Task:
Look below for the line that contains "Coat of arms of family cerchiari", and write out exactly that line and all remaining lines of the listing, omitting pictures.

Data section:
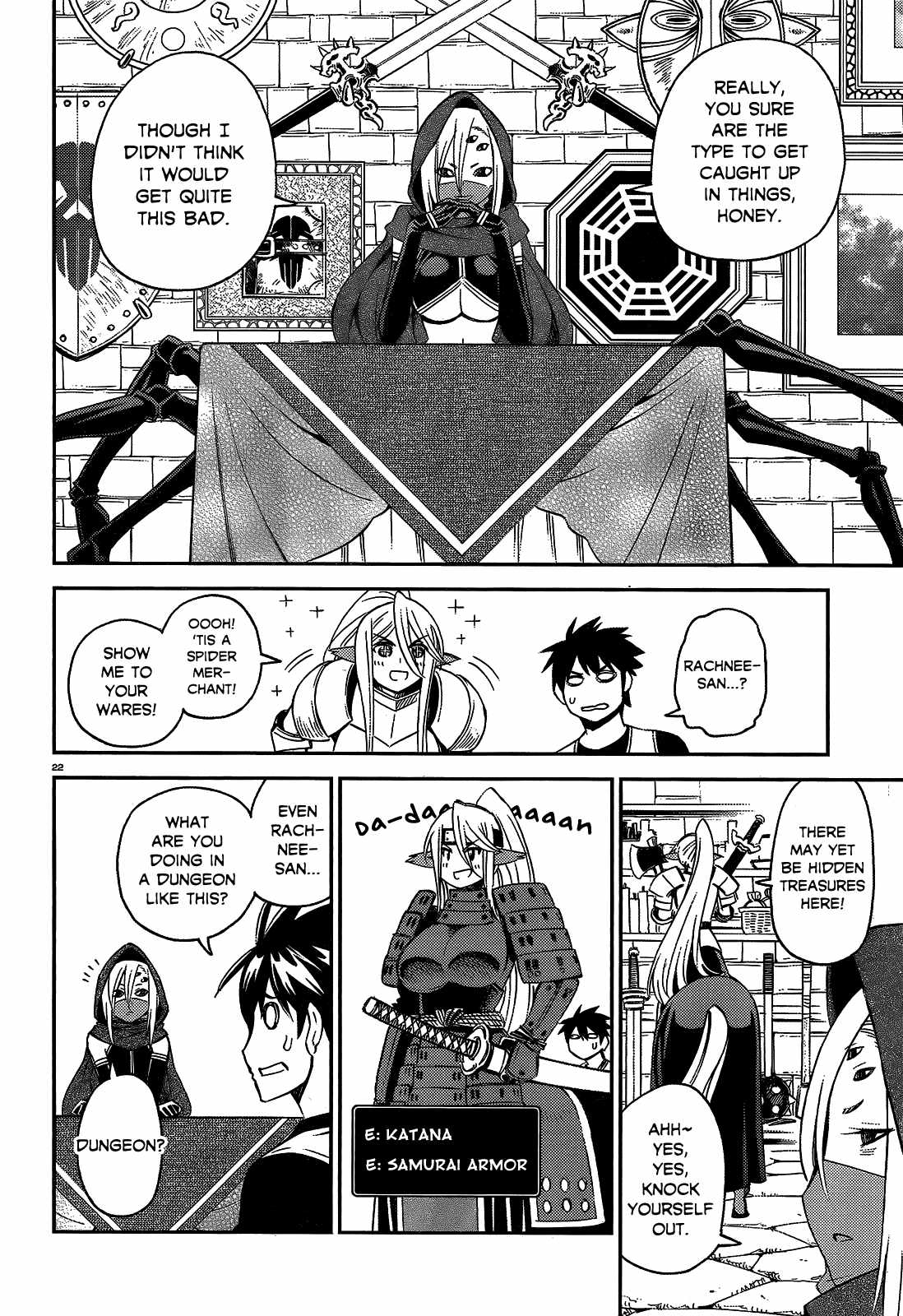 Monster Musume no Iru Nichijou Chapter 45 - Page 21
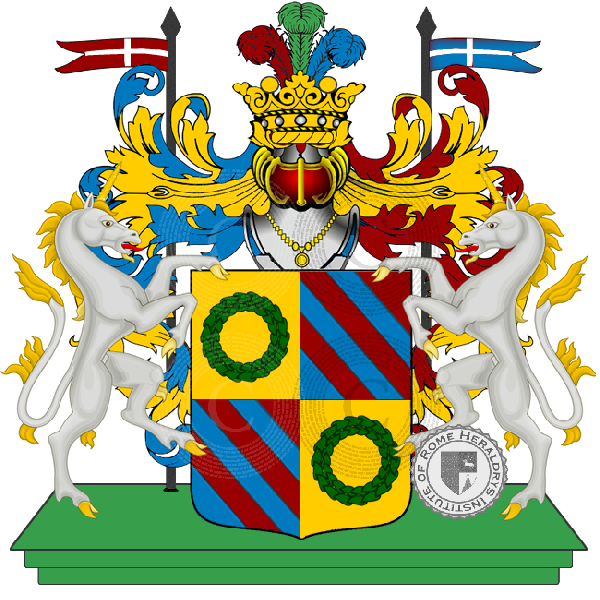 Coat of arms of family cerchiari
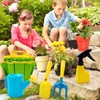 liamasum liamasum Kids Gardening Set - Toddler Garden Tool Kit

Task answer:
 Coat of arms of family cerchiari
 liamasum liamasum Kids Gardening Set - Toddler Garden Tool Kit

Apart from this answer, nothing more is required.